Jesús Unanua

Personal information
- Full name: Jesús Unanua Becerril
- Date of birth: 23 June 1969 (age 56)
- Place of birth: Pamplona, Spain
- Height: 1.80 m (5 ft 11 in)
- Position: Goalkeeper

Youth career
- Osasuna

Senior career*
- Years: Team / Apps / (Gls)
- 1988–1990: Osasuna B / 54 / (0)
- 1990–1996: Osasuna / 47 / (0)
- 1992–1993: → Albacete (loan) / 13 / (0)
- 1996–1999: Leganés / 76 / (0)
- 1999–2003: Villarreal / 3 / (0)
- 2003–2004: Xerez / 38 / (0)
- 2004–2006: Elche / 55 / (0)
- 2006–2009: Alicante / 98 / (0)
- Total:  / 384 / (0)

International career
- 1986: Spain U18 / 2 / (0)

= Jesús Unanua =

Spanish footballer (born 1969)

Jesús Unanua Becerril (born 23 June 1969) is a Spanish former professional footballer who played as a goalkeeper.

He played 204 Segunda División matches over ten seasons, in representation of six teams. He was almost exclusively a backup in La Liga, appearing in the competition with Osasuna, Albacete and Villarreal.

==Club career==
Born in Pamplona, Navarre, Unanua began his professional career with hometown side CA Osasuna, playing 13 La Liga games in the 1989–90 season. However, he never managed to become first-choice during his early years, and, after a loan spell at Albacete Balompié (also as backup), he returned to his first club, being once again barred, now by youngster Javier López Vallejo, another youth graduate.
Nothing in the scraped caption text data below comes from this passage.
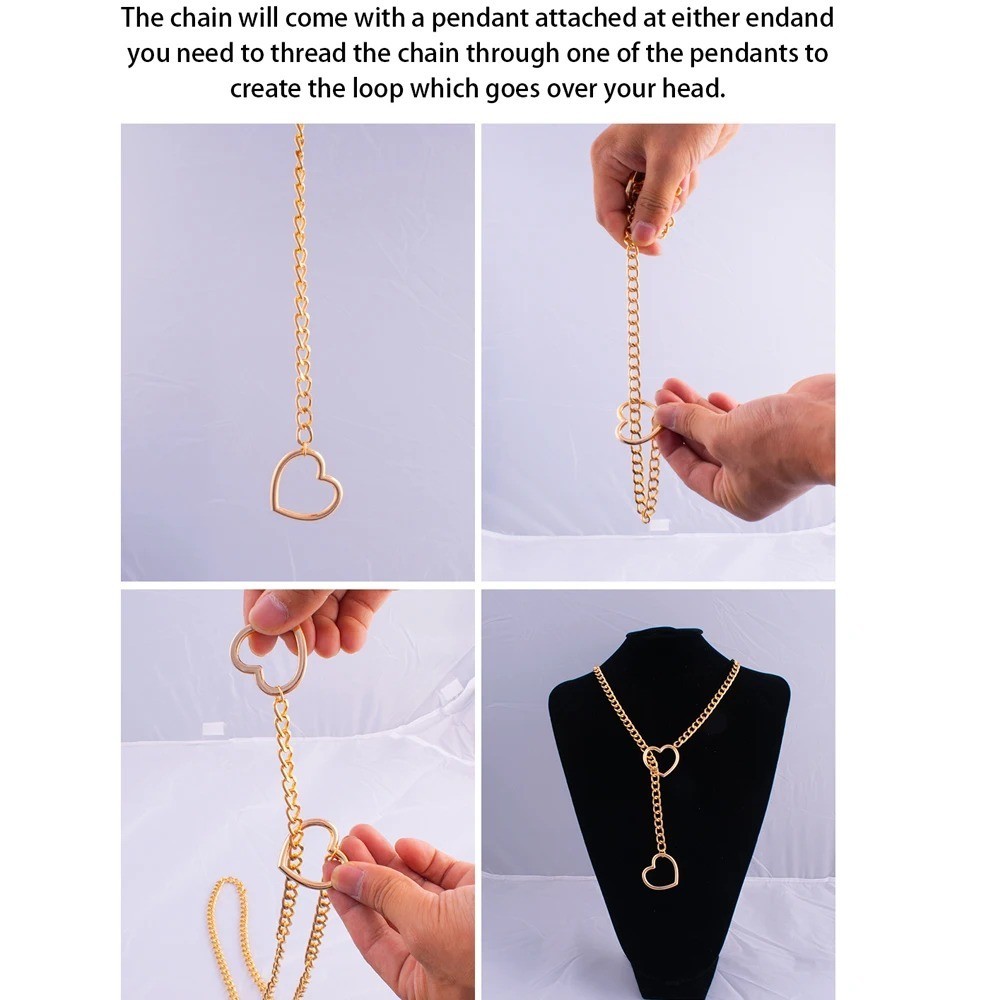 Mens Heart Love Necklace Women Leash Choker Necklace Bondage Chain BDSM Gear Toy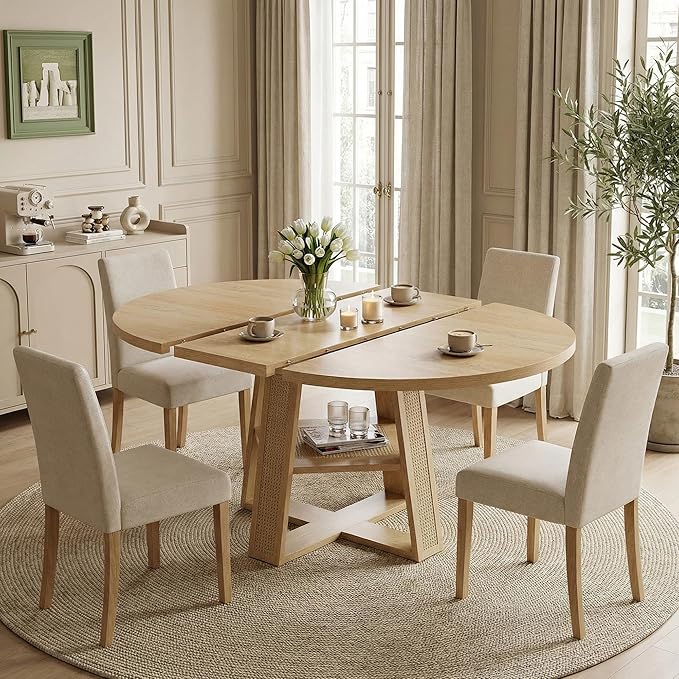LIKIMIO 43"-59" Extendable Round Dining Table for 4-8, Transformer Oval Dining Room Table with Removable Leaves Space Saving, Wood Base Modern Kitchen Table with Storage Shelf for Living Room, Natural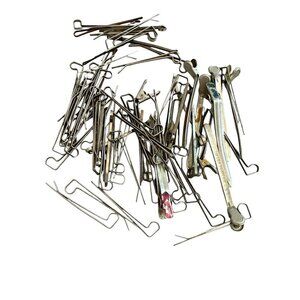 Huge Assortment of Vintage Hair Clips Metal Tiptop Products Salon Classic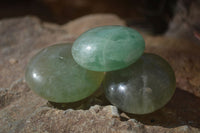 Polished Emerald Fluorite Palm Stones  x 20 From Madagascar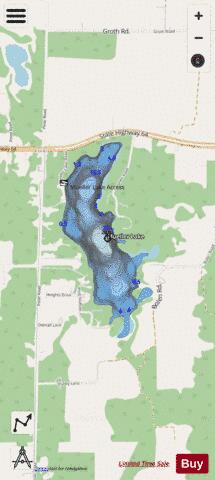 Mueller Lake depth contour Map - i-Boating App - Streets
After three seasons at Segunda División team CD Leganés, Unanua moved to Villarreal CF, achieving top-flight promotion in his first year although he appeared in no matches, being once again cast aside by Vallejo whom signed at the same time – both players lost importance in the 2002–03 campaign, after the arrival of FC Barcelona's Pepe Reina.

Unanua featured the most he had in years in 2003–04, as he helped Xerez CD to a ninth place. He continued his career also in the second division, with Elche CF.

In 2006, Unanua dropped down to the Segunda División B but stayed in the Valencian Community, joining Alicante CF. In his first year he helped to a return to the second tier after 52 years, and won the Ricardo Zamora Trophy for the season in the competition with only 19 goals conceded in 35 games.

On 17 June 2009, shortly after having been relegated to the bench by manager José Carlos Granero, Unanua announced his retirement from professional football. He played his last match on the 20th between already relegated teams Alicante and Sevilla Atlético (3–3), three days shy of his 40th birthday.

Subsequently, Unanua worked as goalkeeper coach at Villarreal and Real Oviedo.